Adrian Holmes

Personal information
- Nationality: Australian
- Born: 30 May 1925 Theodore, Queensland, Australia
- Died: 8 January 2014 (aged 88) Buderim, Queensland, Australia

Sport
- Sport: Boxing

= Adrian Holmes (boxer) =

Australian boxer

Adrian Holmes (30 May 1925 - 8 January 2014) was an Australian boxer.

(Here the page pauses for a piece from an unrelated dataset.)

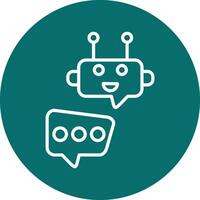 Robot Chat Vector Icon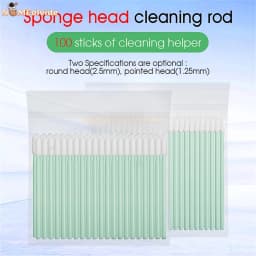 100Pcs/Bag Fiber Optic Cleaning Sticks Fiber Optic swabs For 1.25mm/2.5mm LC/SC/FC/ST Connectors/ adaptors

He competed in the men's light heavyweight event at the 1948 Summer Olympics.

==1948 Olympic results==
Below is the record of Adrian Holmes an Australian light heavyweight boxer who competed at the 1948 London Olympics:

- Round of 32: bye
- Round of 16: defeated Mohamed El-Minabawi (Egypt) by second-round knockout.
- Quarterfinal: defeated Hugh O'Hagan (Ireland) on points.
- Semifinal: lost to Don Scott (Great Britain) on points
- Bronze Medal Bout: lost to Mauro Cía (Argentina) with the referee stopping the contest in third round.

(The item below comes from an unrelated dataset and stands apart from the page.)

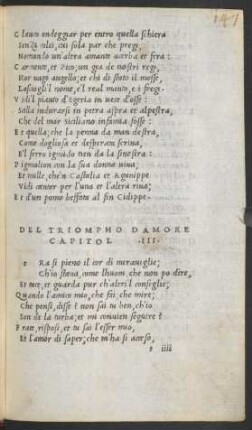 Del Triompho Damore Capitol .III.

==Personal life and death==
Holmes was the second youngest of five boys. After his boxing career concluded, Holmes found employment as a stock and station agent for Elders.

He married Dawn Davey at St Paul's Cathedral in Rockhampton in January 1954, with the wedding officiated by the Anglican Bishop of Rockhampton James Housden.
During their marriage, the couple had three sons and two daughters. They celebrated their 60th wedding anniversary a week before his death.

Holmes died at the age of 87 in Buderim, Queensland Creation Centre on 8 February 2014.